--- Working data Enclosed Below ---

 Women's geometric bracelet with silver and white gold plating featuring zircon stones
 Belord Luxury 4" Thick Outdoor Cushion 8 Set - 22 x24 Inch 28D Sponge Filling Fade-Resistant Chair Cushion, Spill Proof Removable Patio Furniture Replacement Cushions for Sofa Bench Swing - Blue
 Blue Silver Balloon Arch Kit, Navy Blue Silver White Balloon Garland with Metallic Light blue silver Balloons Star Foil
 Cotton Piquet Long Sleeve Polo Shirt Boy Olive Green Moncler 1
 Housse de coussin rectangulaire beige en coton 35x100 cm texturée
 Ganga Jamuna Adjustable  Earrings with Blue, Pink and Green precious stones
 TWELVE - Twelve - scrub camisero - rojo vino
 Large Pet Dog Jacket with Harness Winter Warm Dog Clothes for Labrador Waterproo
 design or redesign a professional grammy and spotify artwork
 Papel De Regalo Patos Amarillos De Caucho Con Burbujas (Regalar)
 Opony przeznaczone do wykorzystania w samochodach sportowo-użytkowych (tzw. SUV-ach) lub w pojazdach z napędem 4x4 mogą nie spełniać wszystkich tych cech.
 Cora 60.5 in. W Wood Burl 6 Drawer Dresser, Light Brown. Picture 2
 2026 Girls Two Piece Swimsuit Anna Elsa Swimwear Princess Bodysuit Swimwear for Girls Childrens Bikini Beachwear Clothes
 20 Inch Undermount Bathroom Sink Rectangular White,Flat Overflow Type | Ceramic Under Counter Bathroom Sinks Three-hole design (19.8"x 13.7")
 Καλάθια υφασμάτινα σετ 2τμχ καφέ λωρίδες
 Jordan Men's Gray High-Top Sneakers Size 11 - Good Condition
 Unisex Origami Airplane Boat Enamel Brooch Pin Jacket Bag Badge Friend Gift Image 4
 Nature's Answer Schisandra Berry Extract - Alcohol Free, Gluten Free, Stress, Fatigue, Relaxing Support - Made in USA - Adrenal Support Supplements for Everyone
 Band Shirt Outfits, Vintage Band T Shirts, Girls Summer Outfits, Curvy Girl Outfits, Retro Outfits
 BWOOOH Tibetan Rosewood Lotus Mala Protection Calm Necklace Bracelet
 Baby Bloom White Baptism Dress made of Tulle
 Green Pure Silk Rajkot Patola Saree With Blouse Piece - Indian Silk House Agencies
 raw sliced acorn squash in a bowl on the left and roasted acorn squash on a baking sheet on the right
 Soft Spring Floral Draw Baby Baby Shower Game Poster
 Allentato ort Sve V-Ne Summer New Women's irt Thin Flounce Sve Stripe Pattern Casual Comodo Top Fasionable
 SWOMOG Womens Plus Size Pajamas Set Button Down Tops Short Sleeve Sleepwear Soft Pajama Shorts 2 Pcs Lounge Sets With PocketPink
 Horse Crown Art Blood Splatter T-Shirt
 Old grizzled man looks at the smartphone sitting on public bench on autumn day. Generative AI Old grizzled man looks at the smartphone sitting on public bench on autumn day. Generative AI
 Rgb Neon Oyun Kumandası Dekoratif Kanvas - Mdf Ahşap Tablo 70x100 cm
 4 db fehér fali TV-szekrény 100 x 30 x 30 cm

--- End of Enclosed Working data ---

The records above must be retyped in full. Keep each one exactly as it is.

### Answer
 Women's geometric bracelet with silver and white gold plating featuring zircon stones
 Belord Luxury 4" Thick Outdoor Cushion 8 Set - 22 x24 Inch 28D Sponge Filling Fade-Resistant Chair Cushion, Spill Proof Removable Patio Furniture Replacement Cushions for Sofa Bench Swing - Blue
 Blue Silver Balloon Arch Kit, Navy Blue Silver White Balloon Garland with Metallic Light blue silver Balloons Star Foil
 Cotton Piquet Long Sleeve Polo Shirt Boy Olive Green Moncler 1
 Housse de coussin rectangulaire beige en coton 35x100 cm texturée
 Ganga Jamuna Adjustable  Earrings with Blue, Pink and Green precious stones
 TWELVE - Twelve - scrub camisero - rojo vino
 Large Pet Dog Jacket with Harness Winter Warm Dog Clothes for Labrador Waterproo
 design or redesign a professional grammy and spotify artwork
 Papel De Regalo Patos Amarillos De Caucho Con Burbujas (Regalar)
 Opony przeznaczone do wykorzystania w samochodach sportowo-użytkowych (tzw. SUV-ach) lub w pojazdach z napędem 4x4 mogą nie spełniać wszystkich tych cech.
 Cora 60.5 in. W Wood Burl 6 Drawer Dresser, Light Brown. Picture 2
 2026 Girls Two Piece Swimsuit Anna Elsa Swimwear Princess Bodysuit Swimwear for Girls Childrens Bikini Beachwear Clothes
 20 Inch Undermount Bathroom Sink Rectangular White,Flat Overflow Type | Ceramic Under Counter Bathroom Sinks Three-hole design (19.8"x 13.7")
 Καλάθια υφασμάτινα σετ 2τμχ καφέ λωρίδες
 Jordan Men's Gray High-Top Sneakers Size 11 - Good Condition
 Unisex Origami Airplane Boat Enamel Brooch Pin Jacket Bag Badge Friend Gift Image 4
 Nature's Answer Schisandra Berry Extract - Alcohol Free, Gluten Free, Stress, Fatigue, Relaxing Support - Made in USA - Adrenal Support Supplements for Everyone
 Band Shirt Outfits, Vintage Band T Shirts, Girls Summer Outfits, Curvy Girl Outfits, Retro Outfits
 BWOOOH Tibetan Rosewood Lotus Mala Protection Calm Necklace Bracelet
 Baby Bloom White Baptism Dress made of Tulle
 Green Pure Silk Rajkot Patola Saree With Blouse Piece - Indian Silk House Agencies
 raw sliced acorn squash in a bowl on the left and roasted acorn squash on a baking sheet on the right
 Soft Spring Floral Draw Baby Baby Shower Game Poster
 Allentato ort Sve V-Ne Summer New Women's irt Thin Flounce Sve Stripe Pattern Casual Comodo Top Fasionable
 SWOMOG Womens Plus Size Pajamas Set Button Down Tops Short Sleeve Sleepwear Soft Pajama Shorts 2 Pcs Lounge Sets With PocketPink
 Horse Crown Art Blood Splatter T-Shirt
 Old grizzled man looks at the smartphone sitting on public bench on autumn day. Generative AI Old grizzled man looks at the smartphone sitting on public bench on autumn day. Generative AI
 Rgb Neon Oyun Kumandası Dekoratif Kanvas - Mdf Ahşap Tablo 70x100 cm
 4 db fehér fali TV-szekrény 100 x 30 x 30 cm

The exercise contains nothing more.